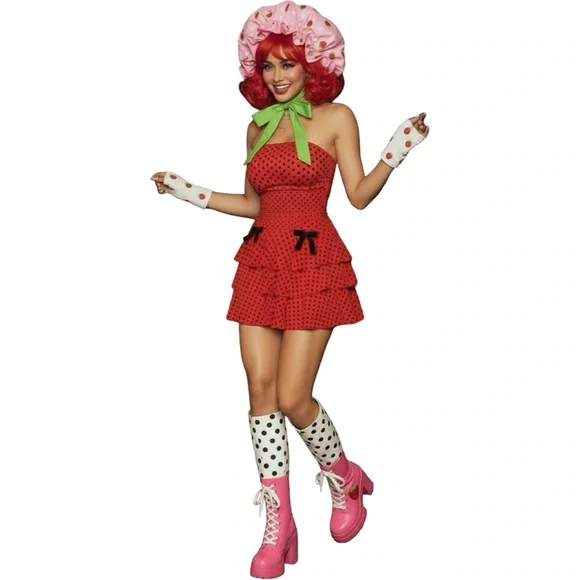 Berenson Red Polka Dot Mesh Mini Dress w/built in shorts– Fashion Nova (Size L) - Picture 4 of 16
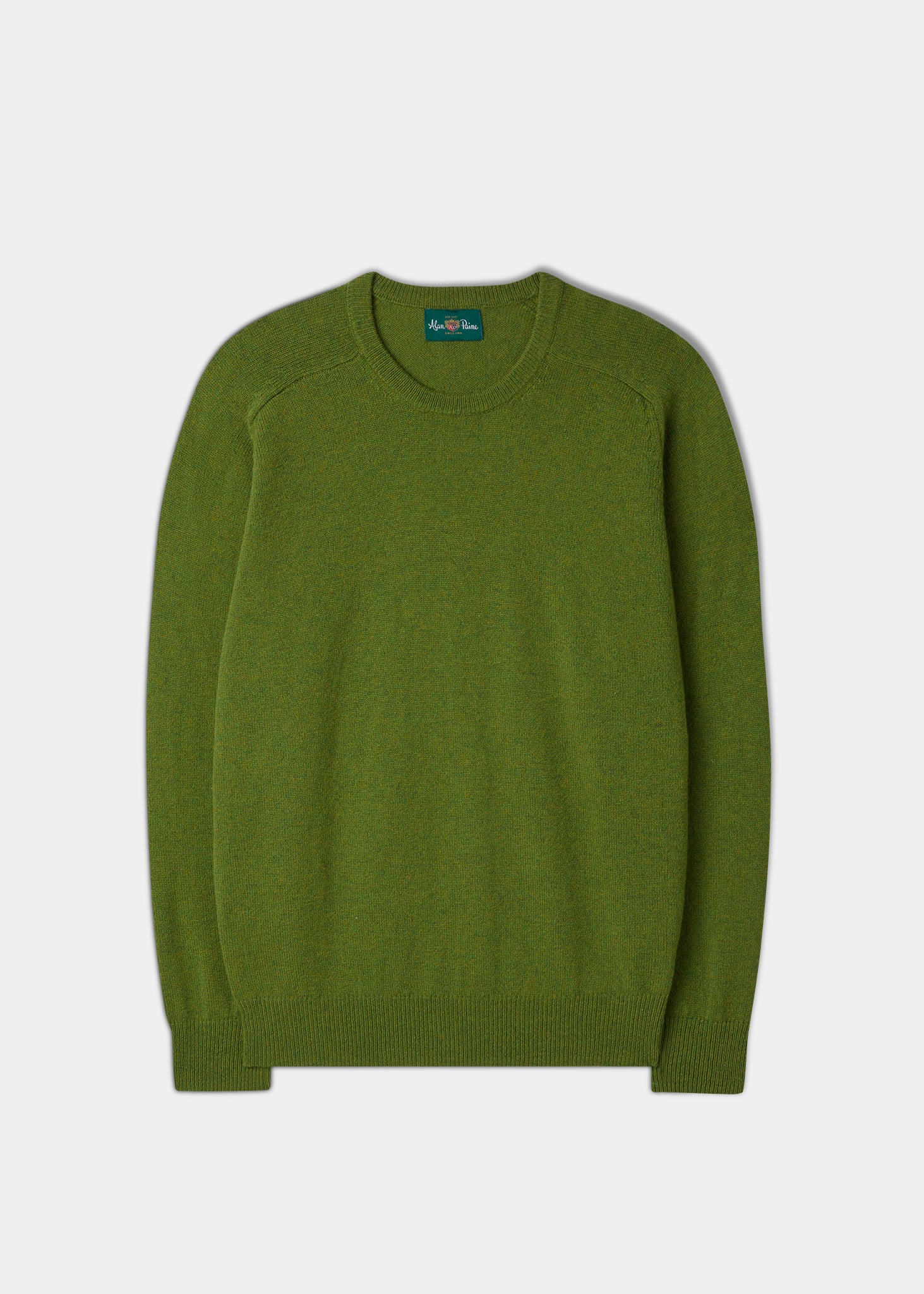 Men's Lambswool Crew Neck Jumper in Moss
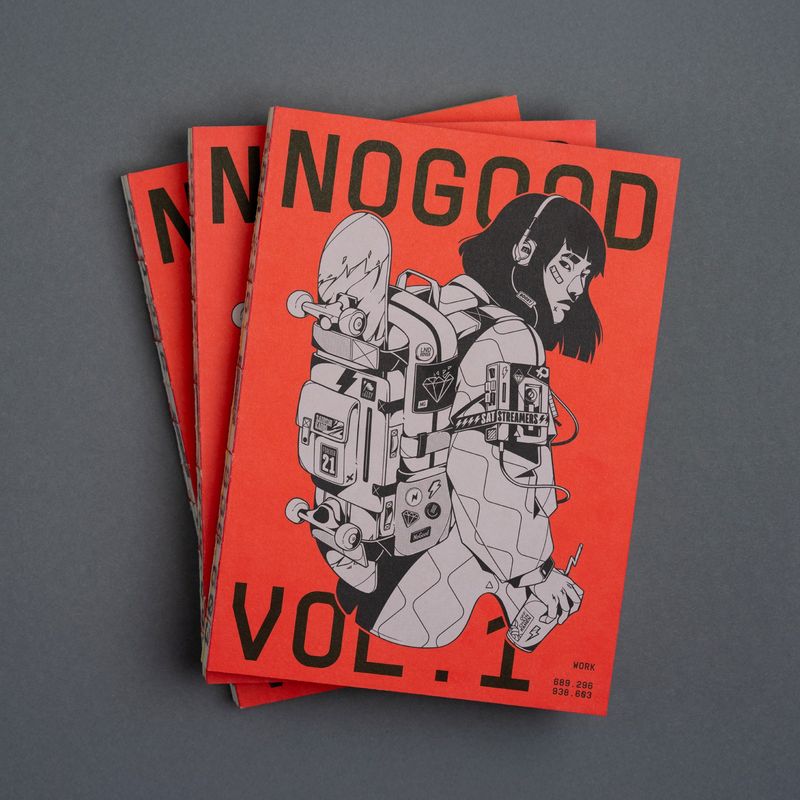 The NoGood Book, Vol. 1 by NoGood: Self-published monograph whose red cover is set in big Supply Mono, with mono catalogue numbers on the cover and spine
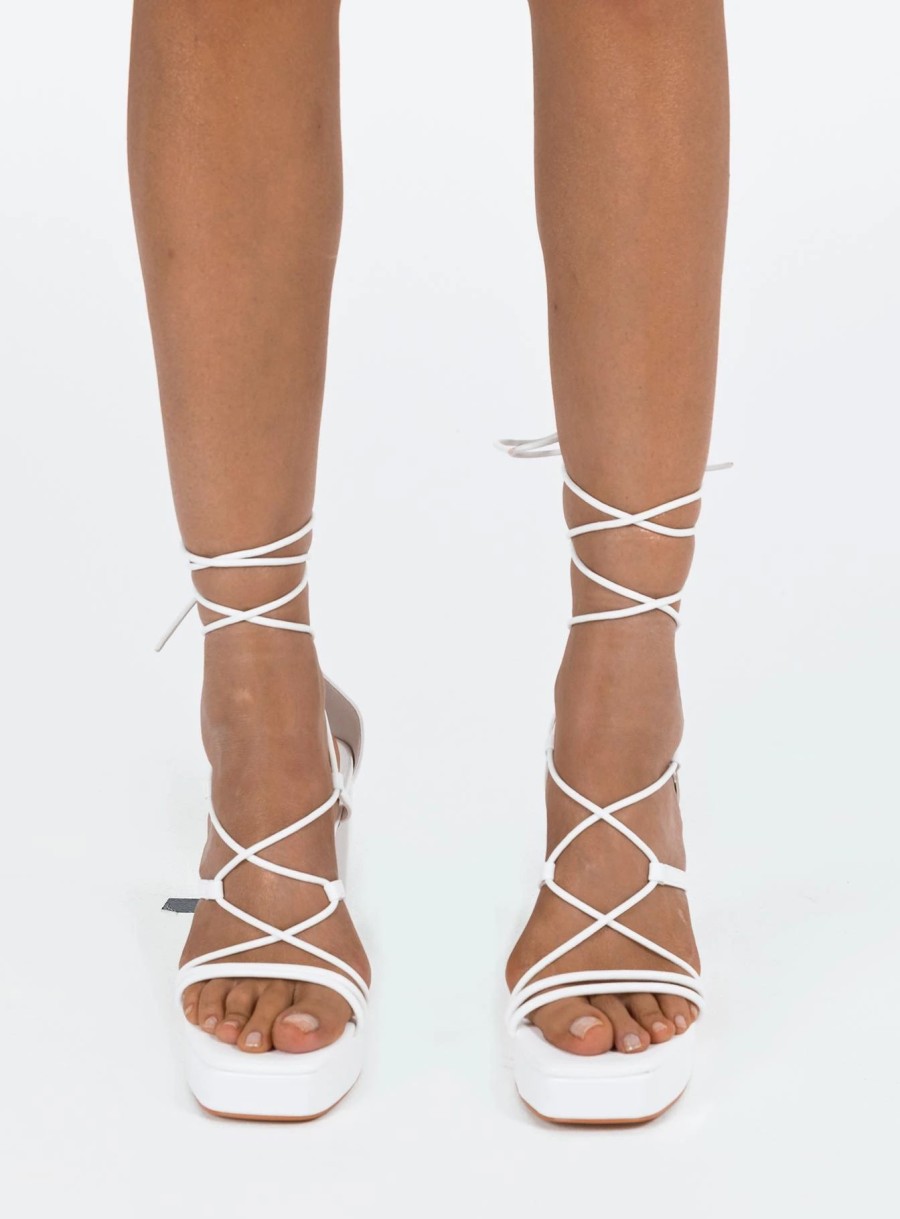 Shoes * | Princess Polly Lower Impact Mallard Strappy Heels White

================================

WORK TO COMPLETE: Beginning with the line containing "The NoGood Book, Vol." and ending with the last line of the data above, repeat each line exactly. Include no pictures and no other lines.

EXERCISE OUTPUT:
 The NoGood Book, Vol. 1 by NoGood: Self-published monograph whose red cover is set in big Supply Mono, with mono catalogue numbers on the cover and spine
 Shoes * | Princess Polly Lower Impact Mallard Strappy Heels White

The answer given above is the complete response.